Now the `std::is_integral<_>`

is a placeholder expression. Boost.Fusion uses Boost.MPL library to replace the `_`

with each type thats in the tuple, and then it evaluates the result. Now, this may not be the worse syntax, but it gets uglier when we want to do something more complicated. For example, we could check if the type `is_integral`

or `is_floating_point`

:

```
template<class Tuple>
void print_numbers(const Tuple& t)
{
for_each(filter_if<or_<std::is_integral<_>, std::is_floating_point<_>>>(t), [](auto x)
{
std::cout << x << std::endl;
});
}
print_numbers(std::make_tuple(1, 2.5, std::vector<int>()));
```

Now, we can improve this a lot by using depedent typing. Let’s look how to implement an improved `filter_if`

called `simple_filter`

, that accepts a C++ function object or lambda for the predicate instead. To understand a little better how `filter_if`

works, the functions takes either a placeholder expression or a metafunction class. So lets make a metafunction class that will return the result of the function `F`

called with type `T`

:

```
template<class F>
struct predicate
{
template<class T>
struct apply
{
using type = decltype(std::declval<F>()(std::declval<T>());
};
};
```

With this, we can write the `simple_filter`

function:

```
template<class Tuple, class Predicate>
auto simple_filter(Tuple&& t, Predicate)
{
return filter_if<predicate<Predicate>>(std::forward<Tuple>(t));
}
```

Next, lets wrap the traits so they use `tick::integral_constant`

instead.

```
template<class T>
using enhance = tick::integral_constant<typename T::value_type, T::value>;
template<class T>
using is_integral = enhance<std::is_integral<T>>;
template<class T>
using is_floating_point = enhance<std::is_floating_point<T>>;
```

And finally, we can now write `print_numbers`

more naturally:

```
template<class Tuple>
void print_numbers(const Tuple& t)
{
auto numbers = simple_filter(t, [](auto x)
{
return is_integral<decltype(x)>() or is_floating_point<decltype(x)>();
});
for_each(numbers, [](auto x)
{
std::cout << x << std::endl;
});
}
print_numbers(std::make_tuple(1, 2.5, std::vector<int>()));
```

Although using the placeholder expression is more compact, using a lambda for the predicate looks more “natural”. Finally, after writing `simple_filter`

, we are able to filter tuples at compile time without needing to write `constexpr`

nor use template meta-programming.

Of course, this idea is not entirely new.
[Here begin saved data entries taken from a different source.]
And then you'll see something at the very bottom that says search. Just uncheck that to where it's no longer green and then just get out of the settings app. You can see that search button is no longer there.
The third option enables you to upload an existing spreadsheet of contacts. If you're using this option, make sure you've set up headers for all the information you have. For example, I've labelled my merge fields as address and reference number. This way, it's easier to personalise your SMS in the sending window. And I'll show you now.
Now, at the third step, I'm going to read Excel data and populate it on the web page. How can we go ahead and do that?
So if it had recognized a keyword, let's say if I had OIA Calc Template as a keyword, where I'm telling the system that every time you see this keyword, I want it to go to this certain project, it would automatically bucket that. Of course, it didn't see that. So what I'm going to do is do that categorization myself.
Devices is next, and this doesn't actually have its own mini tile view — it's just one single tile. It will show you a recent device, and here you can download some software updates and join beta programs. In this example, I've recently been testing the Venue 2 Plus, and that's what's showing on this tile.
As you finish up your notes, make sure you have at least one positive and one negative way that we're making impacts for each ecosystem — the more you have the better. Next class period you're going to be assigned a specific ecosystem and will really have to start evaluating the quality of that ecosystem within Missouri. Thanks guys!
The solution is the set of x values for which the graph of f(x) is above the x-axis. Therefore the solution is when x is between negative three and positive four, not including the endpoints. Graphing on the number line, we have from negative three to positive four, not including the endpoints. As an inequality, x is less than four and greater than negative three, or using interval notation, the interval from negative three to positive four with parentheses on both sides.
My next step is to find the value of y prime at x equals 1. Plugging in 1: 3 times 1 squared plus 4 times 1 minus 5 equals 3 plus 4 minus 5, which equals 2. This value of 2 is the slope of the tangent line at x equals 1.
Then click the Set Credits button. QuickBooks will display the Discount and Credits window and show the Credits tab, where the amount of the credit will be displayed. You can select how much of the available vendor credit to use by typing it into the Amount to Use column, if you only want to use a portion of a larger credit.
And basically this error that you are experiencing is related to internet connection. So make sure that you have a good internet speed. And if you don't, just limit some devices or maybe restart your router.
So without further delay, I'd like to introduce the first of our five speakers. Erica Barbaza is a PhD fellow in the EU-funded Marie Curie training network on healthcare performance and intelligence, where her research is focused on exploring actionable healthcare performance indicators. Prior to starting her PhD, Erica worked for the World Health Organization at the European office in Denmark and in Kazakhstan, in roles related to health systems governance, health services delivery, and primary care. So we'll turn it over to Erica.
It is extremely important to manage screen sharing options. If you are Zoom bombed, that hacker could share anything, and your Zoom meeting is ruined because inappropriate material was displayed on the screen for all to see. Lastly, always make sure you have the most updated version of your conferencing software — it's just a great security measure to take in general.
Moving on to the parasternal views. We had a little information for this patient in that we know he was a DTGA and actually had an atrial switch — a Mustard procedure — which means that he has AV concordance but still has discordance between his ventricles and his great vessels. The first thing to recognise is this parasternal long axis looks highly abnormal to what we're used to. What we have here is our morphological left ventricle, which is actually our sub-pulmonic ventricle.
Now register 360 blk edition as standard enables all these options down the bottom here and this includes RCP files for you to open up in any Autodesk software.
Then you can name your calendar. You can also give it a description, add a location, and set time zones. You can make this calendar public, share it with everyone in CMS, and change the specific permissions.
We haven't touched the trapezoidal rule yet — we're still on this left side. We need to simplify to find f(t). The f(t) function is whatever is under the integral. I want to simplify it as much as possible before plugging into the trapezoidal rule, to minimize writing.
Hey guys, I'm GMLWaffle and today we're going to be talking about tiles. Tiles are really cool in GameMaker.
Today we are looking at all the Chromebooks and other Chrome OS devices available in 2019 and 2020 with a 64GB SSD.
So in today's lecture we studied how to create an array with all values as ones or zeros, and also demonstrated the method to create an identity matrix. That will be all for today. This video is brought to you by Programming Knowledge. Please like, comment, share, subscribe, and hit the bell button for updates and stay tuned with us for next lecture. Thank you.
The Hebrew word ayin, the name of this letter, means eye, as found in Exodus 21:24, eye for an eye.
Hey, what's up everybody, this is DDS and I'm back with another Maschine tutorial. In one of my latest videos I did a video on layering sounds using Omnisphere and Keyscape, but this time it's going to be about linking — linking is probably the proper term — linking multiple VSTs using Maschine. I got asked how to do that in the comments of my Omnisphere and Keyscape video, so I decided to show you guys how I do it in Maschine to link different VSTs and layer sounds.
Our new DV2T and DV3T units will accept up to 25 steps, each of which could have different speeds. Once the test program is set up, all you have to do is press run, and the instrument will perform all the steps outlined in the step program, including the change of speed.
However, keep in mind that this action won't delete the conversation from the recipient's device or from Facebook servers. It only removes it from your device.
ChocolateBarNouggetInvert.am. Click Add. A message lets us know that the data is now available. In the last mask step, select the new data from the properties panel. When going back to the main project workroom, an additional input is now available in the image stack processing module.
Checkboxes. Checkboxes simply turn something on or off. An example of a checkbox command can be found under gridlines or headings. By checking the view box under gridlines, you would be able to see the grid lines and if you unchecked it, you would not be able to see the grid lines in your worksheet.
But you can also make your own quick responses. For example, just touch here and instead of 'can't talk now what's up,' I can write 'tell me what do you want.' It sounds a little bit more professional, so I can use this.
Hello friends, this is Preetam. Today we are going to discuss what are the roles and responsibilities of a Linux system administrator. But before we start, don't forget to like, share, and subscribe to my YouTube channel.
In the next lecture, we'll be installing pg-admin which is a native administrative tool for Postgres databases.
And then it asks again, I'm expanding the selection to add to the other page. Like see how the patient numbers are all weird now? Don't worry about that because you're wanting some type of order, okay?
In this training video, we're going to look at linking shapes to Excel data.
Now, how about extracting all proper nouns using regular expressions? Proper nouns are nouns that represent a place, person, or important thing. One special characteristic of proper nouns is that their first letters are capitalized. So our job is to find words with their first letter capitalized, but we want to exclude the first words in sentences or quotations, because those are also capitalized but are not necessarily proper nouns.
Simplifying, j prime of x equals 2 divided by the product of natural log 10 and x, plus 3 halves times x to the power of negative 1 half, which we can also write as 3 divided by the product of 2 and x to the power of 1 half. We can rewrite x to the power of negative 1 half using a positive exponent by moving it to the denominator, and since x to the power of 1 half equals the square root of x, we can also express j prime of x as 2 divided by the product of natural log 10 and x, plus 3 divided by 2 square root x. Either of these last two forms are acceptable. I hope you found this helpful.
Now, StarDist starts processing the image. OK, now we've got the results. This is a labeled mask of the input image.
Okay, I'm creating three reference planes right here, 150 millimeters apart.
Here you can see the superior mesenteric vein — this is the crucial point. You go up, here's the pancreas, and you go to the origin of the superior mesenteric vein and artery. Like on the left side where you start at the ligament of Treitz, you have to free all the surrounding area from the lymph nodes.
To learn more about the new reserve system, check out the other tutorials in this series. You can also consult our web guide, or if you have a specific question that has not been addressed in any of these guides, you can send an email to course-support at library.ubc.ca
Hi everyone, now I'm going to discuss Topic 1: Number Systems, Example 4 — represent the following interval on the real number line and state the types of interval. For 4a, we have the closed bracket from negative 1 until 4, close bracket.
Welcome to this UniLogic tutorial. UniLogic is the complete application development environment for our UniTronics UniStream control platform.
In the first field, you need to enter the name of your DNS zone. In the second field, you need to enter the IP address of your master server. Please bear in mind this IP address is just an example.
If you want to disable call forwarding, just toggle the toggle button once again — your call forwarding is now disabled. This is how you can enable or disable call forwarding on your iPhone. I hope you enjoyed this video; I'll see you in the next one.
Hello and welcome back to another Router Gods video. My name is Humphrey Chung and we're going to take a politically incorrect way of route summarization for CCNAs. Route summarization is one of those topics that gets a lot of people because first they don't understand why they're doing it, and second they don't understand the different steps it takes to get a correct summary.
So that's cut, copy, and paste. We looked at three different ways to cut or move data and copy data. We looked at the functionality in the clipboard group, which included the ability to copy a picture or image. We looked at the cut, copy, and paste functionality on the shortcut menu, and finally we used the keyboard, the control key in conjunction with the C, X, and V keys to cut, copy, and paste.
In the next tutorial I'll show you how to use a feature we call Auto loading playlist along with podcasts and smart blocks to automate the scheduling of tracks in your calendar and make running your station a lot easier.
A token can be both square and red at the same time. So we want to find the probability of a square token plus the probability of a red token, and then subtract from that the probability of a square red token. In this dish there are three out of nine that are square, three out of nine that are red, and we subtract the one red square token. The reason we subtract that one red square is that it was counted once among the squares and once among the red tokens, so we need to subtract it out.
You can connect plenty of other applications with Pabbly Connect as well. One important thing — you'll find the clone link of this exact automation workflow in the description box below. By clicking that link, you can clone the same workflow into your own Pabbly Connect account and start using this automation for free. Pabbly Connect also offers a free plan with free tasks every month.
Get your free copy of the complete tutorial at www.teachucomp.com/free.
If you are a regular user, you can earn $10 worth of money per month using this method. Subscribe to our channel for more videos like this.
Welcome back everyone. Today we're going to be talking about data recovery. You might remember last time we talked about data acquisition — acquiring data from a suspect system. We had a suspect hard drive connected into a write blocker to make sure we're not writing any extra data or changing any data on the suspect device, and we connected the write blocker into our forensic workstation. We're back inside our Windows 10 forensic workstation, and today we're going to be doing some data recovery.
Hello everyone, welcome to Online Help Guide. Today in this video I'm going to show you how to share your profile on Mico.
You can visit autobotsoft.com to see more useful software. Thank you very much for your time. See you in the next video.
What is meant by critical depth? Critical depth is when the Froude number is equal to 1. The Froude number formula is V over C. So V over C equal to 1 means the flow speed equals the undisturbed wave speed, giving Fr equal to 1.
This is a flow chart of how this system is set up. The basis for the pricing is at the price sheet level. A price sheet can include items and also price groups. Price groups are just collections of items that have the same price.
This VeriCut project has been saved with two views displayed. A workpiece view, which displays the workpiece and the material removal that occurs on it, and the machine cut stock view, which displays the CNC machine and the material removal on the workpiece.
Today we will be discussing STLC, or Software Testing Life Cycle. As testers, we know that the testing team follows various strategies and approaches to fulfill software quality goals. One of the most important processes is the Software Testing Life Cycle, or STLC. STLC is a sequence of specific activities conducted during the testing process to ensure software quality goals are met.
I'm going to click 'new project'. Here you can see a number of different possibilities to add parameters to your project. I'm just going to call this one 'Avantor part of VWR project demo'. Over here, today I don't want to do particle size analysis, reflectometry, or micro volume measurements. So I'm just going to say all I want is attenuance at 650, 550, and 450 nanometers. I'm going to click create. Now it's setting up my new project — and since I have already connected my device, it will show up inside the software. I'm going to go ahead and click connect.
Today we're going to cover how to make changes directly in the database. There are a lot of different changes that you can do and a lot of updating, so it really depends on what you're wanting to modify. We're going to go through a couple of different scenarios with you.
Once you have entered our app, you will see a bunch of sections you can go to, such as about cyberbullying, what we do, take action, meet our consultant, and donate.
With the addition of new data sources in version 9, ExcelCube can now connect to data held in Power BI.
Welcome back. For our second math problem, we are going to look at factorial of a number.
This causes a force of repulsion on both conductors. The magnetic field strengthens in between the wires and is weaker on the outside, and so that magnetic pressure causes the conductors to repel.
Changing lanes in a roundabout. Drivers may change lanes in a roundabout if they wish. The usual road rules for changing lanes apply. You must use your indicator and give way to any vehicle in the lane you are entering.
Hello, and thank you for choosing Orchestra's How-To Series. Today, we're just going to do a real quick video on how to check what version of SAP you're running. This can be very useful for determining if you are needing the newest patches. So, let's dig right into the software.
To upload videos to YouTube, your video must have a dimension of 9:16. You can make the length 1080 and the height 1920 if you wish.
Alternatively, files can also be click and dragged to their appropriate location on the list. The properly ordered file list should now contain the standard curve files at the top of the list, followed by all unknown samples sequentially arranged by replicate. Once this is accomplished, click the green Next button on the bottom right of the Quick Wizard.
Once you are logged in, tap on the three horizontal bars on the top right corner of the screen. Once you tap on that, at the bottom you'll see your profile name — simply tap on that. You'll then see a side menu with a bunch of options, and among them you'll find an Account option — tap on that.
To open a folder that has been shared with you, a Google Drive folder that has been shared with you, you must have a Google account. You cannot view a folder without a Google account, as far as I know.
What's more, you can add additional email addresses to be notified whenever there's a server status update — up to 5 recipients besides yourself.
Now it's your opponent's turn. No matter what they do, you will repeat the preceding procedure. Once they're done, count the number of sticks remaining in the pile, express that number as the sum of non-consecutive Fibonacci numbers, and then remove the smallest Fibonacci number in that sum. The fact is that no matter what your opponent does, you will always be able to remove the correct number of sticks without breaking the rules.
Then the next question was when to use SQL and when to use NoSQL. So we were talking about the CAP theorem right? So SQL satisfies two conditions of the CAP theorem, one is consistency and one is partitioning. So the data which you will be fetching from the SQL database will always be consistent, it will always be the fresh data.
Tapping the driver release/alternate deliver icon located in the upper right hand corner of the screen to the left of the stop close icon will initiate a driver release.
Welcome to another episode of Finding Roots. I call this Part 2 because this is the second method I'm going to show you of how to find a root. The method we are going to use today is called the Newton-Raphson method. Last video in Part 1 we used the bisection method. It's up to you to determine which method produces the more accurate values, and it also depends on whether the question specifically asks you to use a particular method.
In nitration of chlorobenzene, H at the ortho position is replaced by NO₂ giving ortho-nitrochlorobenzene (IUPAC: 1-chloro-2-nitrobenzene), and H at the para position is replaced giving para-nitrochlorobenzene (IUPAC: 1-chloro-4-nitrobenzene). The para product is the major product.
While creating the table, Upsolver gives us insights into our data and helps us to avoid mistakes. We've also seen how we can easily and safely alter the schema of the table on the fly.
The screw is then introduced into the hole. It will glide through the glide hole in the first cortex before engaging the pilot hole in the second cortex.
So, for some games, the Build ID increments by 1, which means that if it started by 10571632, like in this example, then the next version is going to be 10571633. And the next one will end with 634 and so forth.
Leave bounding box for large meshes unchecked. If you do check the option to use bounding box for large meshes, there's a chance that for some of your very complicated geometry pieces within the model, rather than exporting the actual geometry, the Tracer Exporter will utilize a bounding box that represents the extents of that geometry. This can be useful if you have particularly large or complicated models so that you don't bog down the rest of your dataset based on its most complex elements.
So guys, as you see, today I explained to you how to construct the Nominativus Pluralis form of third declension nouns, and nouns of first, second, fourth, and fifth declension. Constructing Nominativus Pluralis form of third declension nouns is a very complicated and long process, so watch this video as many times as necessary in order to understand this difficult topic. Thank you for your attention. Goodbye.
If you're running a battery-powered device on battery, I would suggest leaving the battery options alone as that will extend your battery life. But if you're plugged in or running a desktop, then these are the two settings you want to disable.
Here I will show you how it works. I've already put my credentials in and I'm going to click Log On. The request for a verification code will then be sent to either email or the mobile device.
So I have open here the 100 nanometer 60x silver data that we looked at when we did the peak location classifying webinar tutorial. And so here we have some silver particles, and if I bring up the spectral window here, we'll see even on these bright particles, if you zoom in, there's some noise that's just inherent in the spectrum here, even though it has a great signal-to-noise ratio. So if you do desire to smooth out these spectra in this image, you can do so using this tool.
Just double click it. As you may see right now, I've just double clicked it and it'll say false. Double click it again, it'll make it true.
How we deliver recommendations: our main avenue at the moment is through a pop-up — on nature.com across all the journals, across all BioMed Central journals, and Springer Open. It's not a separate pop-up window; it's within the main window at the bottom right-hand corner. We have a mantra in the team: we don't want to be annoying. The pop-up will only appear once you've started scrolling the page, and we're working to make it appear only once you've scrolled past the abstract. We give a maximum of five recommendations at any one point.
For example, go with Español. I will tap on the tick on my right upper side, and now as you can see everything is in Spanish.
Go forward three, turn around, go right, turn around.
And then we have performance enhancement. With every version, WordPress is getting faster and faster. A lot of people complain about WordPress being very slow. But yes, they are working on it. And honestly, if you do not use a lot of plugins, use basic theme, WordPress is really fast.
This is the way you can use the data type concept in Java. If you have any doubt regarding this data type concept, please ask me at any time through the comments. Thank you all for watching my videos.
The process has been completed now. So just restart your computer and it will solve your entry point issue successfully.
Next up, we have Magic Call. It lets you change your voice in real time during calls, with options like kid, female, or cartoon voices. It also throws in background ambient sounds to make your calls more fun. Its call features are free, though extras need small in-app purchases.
Zach Laine and Matt Calabrese explored similar ideas many years ago at BoostCon in their presentation Instatiations Must Go(slides here). Their original goal was to try to improve performance of metaprogramming by avoiding instantiating templates explicitly, however, in the process they discovered a way to write template metaprogramming using more natural C++ syntax.